Plus 2 for giving different advice to different people.
Double win here.
Solid Info On Financial Products
I get questions all time from friends about investment accounts, credit scores, loans, and bank accounts.
There’s so much information out there that is misleading and sometimes flat-out wrong. It’s sad. Broke Millennial does a great job of hitting the high points of every major financial product out there. After reading it, you’ll understand the basics of credit cards, credit scores, consumer debt, bank accounts, retirement accounts, and loans.
Specifically, the chapter on credit reports and credit scores is top notch. This is one of the most misunderstood things in finance and it was refreshing to see so much info condensed in a way that was easy to grasp.
These are topics that are traditionally boring and mind-numbing to read about. Kudos to Broke Millennial for hitting the highlights in an engaging way that keeps me reading.
Relationships and Finance – HUGE DEAL
I was so pumped to see how big the role of relationships played in a book. Erin weaves in stories about her parents and sister throughout the book and has two chapters dedicated to money and relationships.
One chapter is all about relating to your significant other, how to tackle tough conversations, and get “financially naked.”
It’s a big deal and I was glad to see the book didn’t shy away. One of my favorite tactics was to have a conversation with your S.O. about how “fancy” you are. Meaning, how much $$ do you spend on dates? What sorts of gifts do you expect? Nails done, hair done, everything did?
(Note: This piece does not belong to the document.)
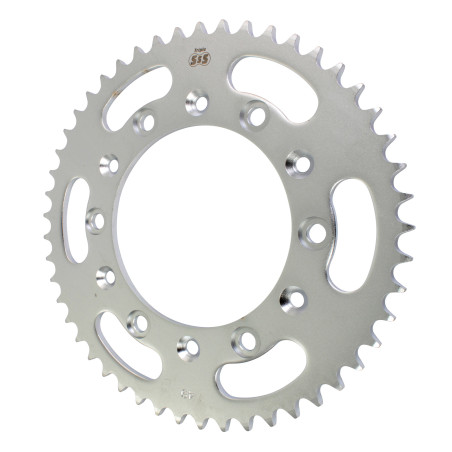 Triple S 210-49 Steel Rear Sprocket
There’s also an entire chapter on dealing with money and your friends. This is a conversation that’s near and dear to my heart and yet a lot of people don’t cover this topic. Erin discusses different strategies for how to deal with friends who try and get you to spend money when you don’t want to. There’s also some good tactics for practically spending money with your friends in ways that still help you meet your financial goals.
Relationships are a big deal. Money is a big deal. Glad to see them put together.
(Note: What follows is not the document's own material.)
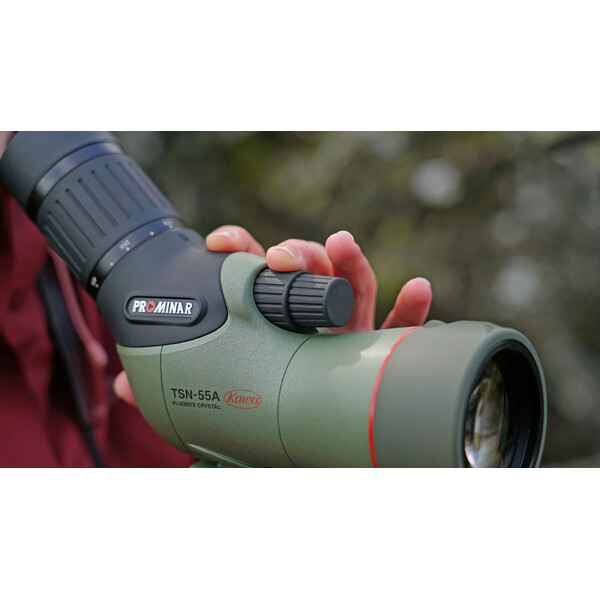 Kowa Spotting scope TSN-55A PROMINAR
Practical Tips On Millennial Problems
A lot of popular personal finance books were written 10+ years ago and are outdated on specific issues that face our generation. Broke Millennial covers topics like student loan debt and boomerangs kids moving back home.
There’s a lot of practical advice for navigating life back at home with the folks, negotiating salary, and dealing with student loans. The book even profiles millennials in different student loan situations and shows you how these people have been able to deal with their debt.
I love this no-nonsense approach to dealing with our problems head on. Especially on topics that I’m passionate about, like navigating financial relations with the parental units.
What Isn’t Covered?
Broke Millennial is a straight up personal finance book with a hefty focus on general financial knowledge and money management. It’s not an investing book, business book, or retirement guide.
While the book does have some solid information for getting started with investing and I agree with a lot of the recommendations, this isn’t the main focus. Same goes for retirement. Different retirement accounts are covered from a definitional standpoint, but there isn’t a ton of info around retirement.
And there isn’t supposed to be. It’s not that sort of book. If you’re looking for specific information on how to make more money, invest, start a business, or plan for retirement, you should find a book specifically on those topics.
People who fit the following:
- Are human
- Between the ages of 10 and 99.34 yrs old
- Need to learn how to manage their money
- Want a no-nonsense but entertaining approach to personal finance
- Haven’t already mastered their finances (even if you have though, it’s still a great freaking read)
Although the title is Broke Millennial, a lot of the information can be applied across generations. If you’re not a “millennial” I wouldn’t necessarily be turned away.
But if you are a millennial, you’ll definitely want to pick this one up.